Coining Simpson’s Bias and Finding Best Approaches through Data at AAAI 2021


RIT scientists, Bojun Huang and Longtu Zhang, were invited to present their research findings at this year’s Association for the Advancement of Artificial Intelligence (AAAI) conference.  
Their paper, Simpson’s Bias in NLP Training, written co-jointly with Fei Yuan and Yaobo Liang, provides an analytical investigation of the disparity between sample level loss in NLP training and population level metrics.

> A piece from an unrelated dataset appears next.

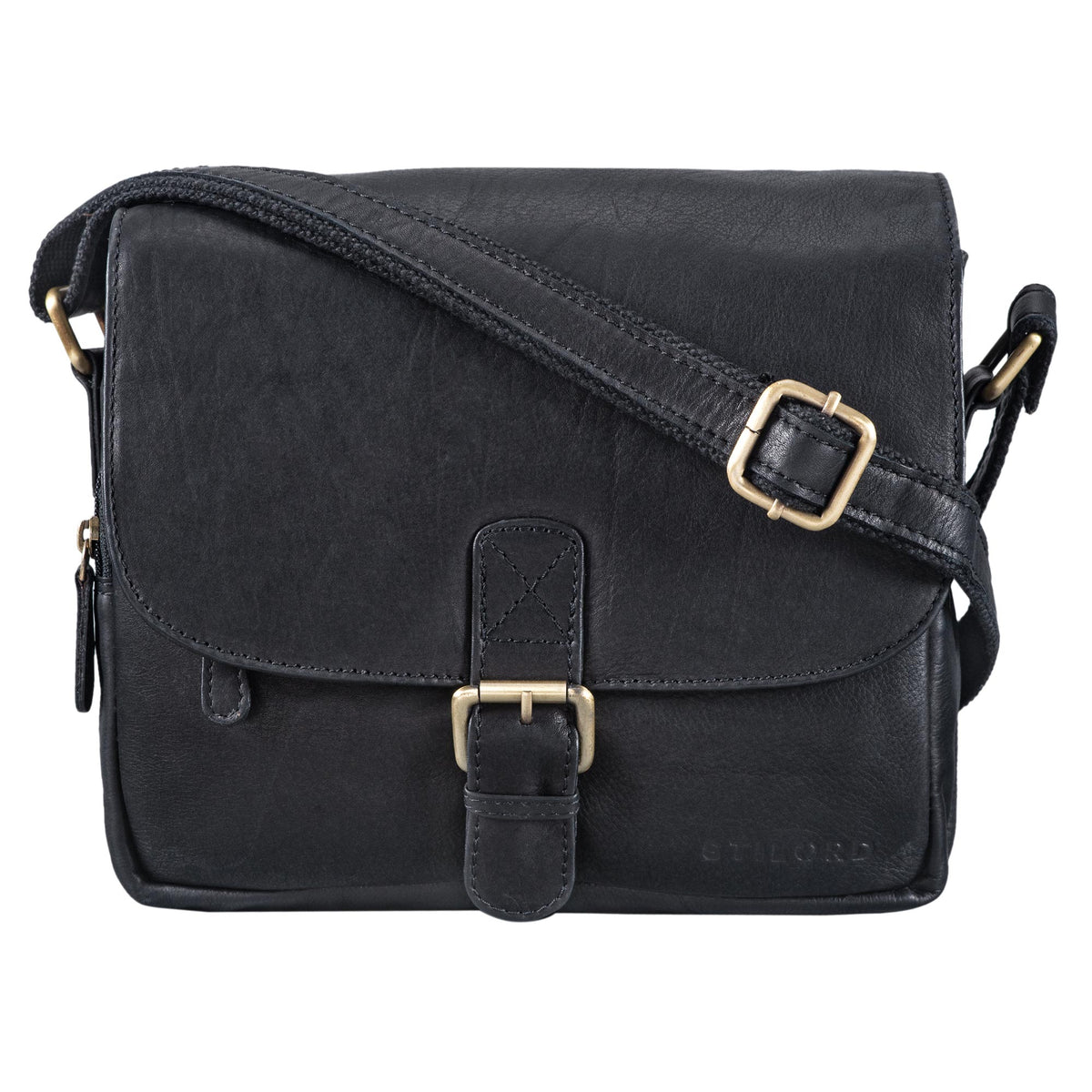 Kleine Messenger Bag Leder schwarz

They call the disparity, Simpson’s bias, inspired by Simpson’s reversal of inequalities applied in statistics, biology, astronomy, and computational sciences. (Simpson’s reversal is a trend or result when an ordinal information appears in several groups of data but disappears or reverses when combined; the term was made famous in 1973 as part of a gender discrimination lawsuit at University of California, Berkeley.)  To derive the right insights and interpretations via data, their research reveals how the bias manifests itself with rather diverse effects in machine learning and between what is optimized and what should be optimized during training. In locating mathematical data where unbiased metrics can be established, the authors call for further studies for better unbiased training in NLP, machine learning, and all deep learning model trainings.
Dr. Bojun Huang presenting his paper at the AAAI-21 virtual conference
AAAI promotes research in AI and scientific exchange between research, scientists, and students in AI and related fields. The conference was held virtually from February 2-9, 2021. Dr. Huang and Dr. Zhang presented their findings from remote locations.